Les bouquinistes de Paris, « gardiens d’un patrimoine culturel ancestral »
Tout au long des quais de la Seine, de vieux livres jetés pèle mêle s’offrent aux regards des passants. En touchant leurs couvertures usées par le temps, en humant l’odeur du vieux papier, une sensation de nostalgie fait plonger le visiteur dans un autre siècle.
Installés sur plus de trois kilomètres le long de la Seine et déclarés patrimoine mondial de l’Unesco, les 235 bouquinistes parisiens exploitent 940 ‘’boîtes vertes’’ où sont exposés quelque 300.000 livres anciens d’occasion et un très grand nombre de revues, timbres et cartes de collection.

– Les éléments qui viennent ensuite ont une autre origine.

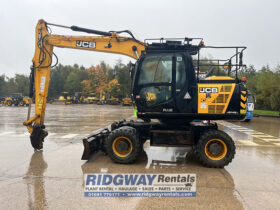 JCB JS145W for sale
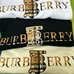 8Burberry Unisex Fashionable T-Shirts #25175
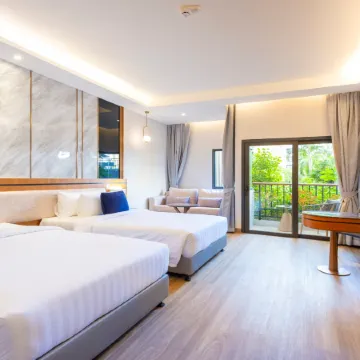 WYNDHAM JOMTIEN PATTAYA Отели рядом с достопримечательностью «Парк Юрского Периода»
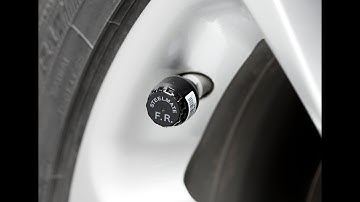 TPMS External Sensor Installation from STEELMATE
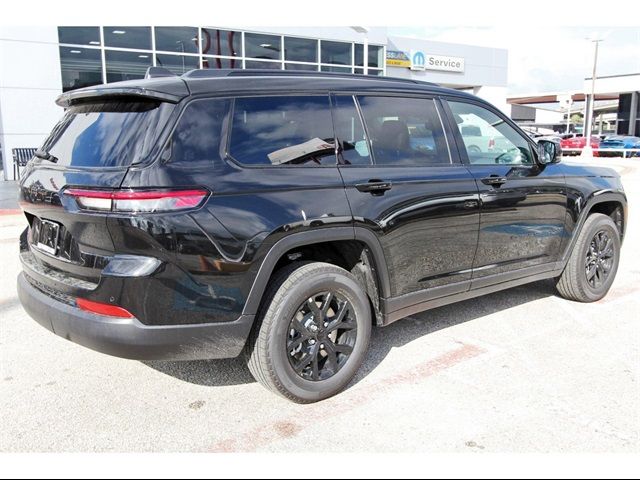 2024 Jeep Grand Cherokee L Altitude X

Tous ou presque sont là : Zola, Balzac, Molière, Rousseau… Ces écrivains, célèbres qui ont marqué l’histoire. Toujours en flânant dans ces petits temples éclairés juste d’une lampe, le lecteur découvre avec bonheur des manuscrits romains, arabes, des livres d’histoire, de philosophie et des sciences sociales, témoins de plusieurs cultures et civilisations.

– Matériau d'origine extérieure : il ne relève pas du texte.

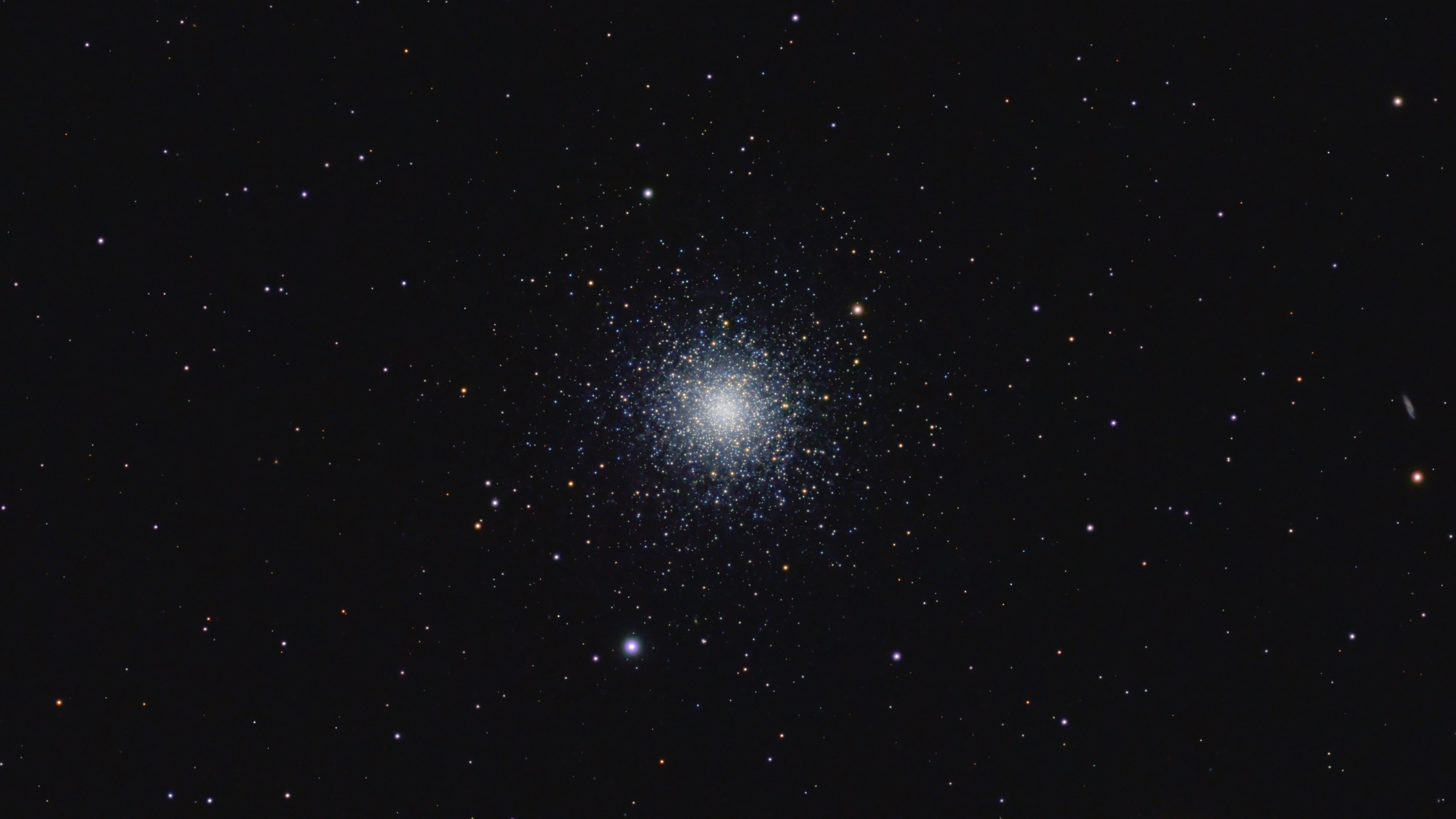 M3 Globular Cluster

Ils sont aussi là et bien vivants ces compagnons de l’enfance française ‘’La ronde des mots’’, ‘’la lecture en action’’, ‘’Bien lire et comprendre’’ et aussi les manuels d’histoire, de géographie et de grammaire qui attestent d’une génération éduquée avant l’avènement de l’internet et de la télévision numérique.
Jonchés par terre, romans policiers d’Arsen Lupin, encyclopédies, dictionnaires, ouvrages d’art, entravent le pas et poussent à revenir dans le temps. Au sein de l’allée qui donne sur la place Pey Jussieu, Vous pouvez quand vous êtes pris par l’envie d’humer les odeurs des livres anciens, vous arrêter chez Laurent Gravier qui tient depuis 12 ans un magasin. Sa boutique possède une large clientèle, elle est généraliste : des livres de poches aux documents anciens, en passant par les bandes dessinées (35% de ses ventes). D’ou viennent ces tas de livres ? Quelle main a pu se séparer de ces trésors ?

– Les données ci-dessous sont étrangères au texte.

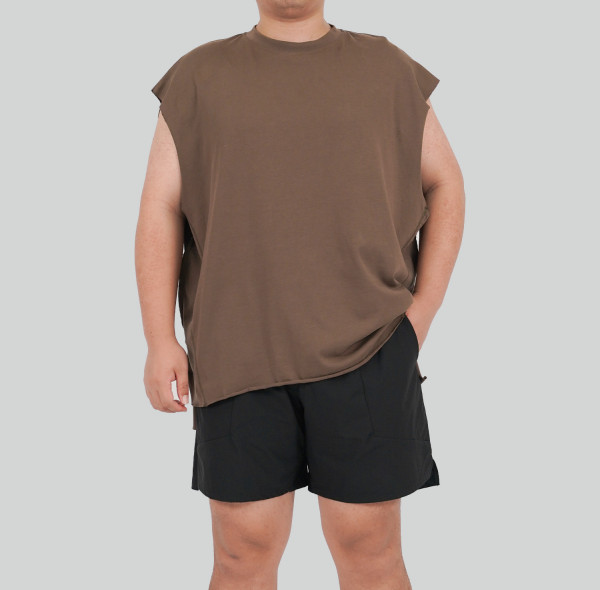 Custom Men's Fitness Tank Tops |Factory Direct Sleeveless Tank Tops for Men's Fitness - OEM/ODM Services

‘’Notre clientèle se compose de toutes les catégories de population : professeurs, étudiants, artistes, retraités, explique-t-il, à Atlasinfo avant de préciser qu’il reçoit la plupart de ses livres de leurs propriétaires qui en sont séparés pour plusieurs causes : déménagement, manque d’espace ou problèmes financiers. ‘’Et comme on ne jette pas un livre, sa vie se prolonge chez moi’’.
A l’approche de la rentrée scolaire, ce bouquiniste se transforme en libraire. Il vend des programmes dans des packages complets, en fonction des niveaux scolaires et moyennant des sommes modiques. Et depuis trois ans, il est présent sur les salons et manifestations de bouquinistes pour aller à la rencontre de nouveaux clients.
C’est aussi le cas de Norbert Lavieu, bouquiniste spécialisé dans les livres anciens. Il participe aux foires et salons, où il expose des livres achetés en salles des ventes, chez des particuliers, ou encore chez d’autres bouquinistes. Mais il a également une approche d’‘’expert’’, puisqu’il prépare certaines salles des ventes : il vérifie l’état des livres, leur intérêt avant d’établit les prix…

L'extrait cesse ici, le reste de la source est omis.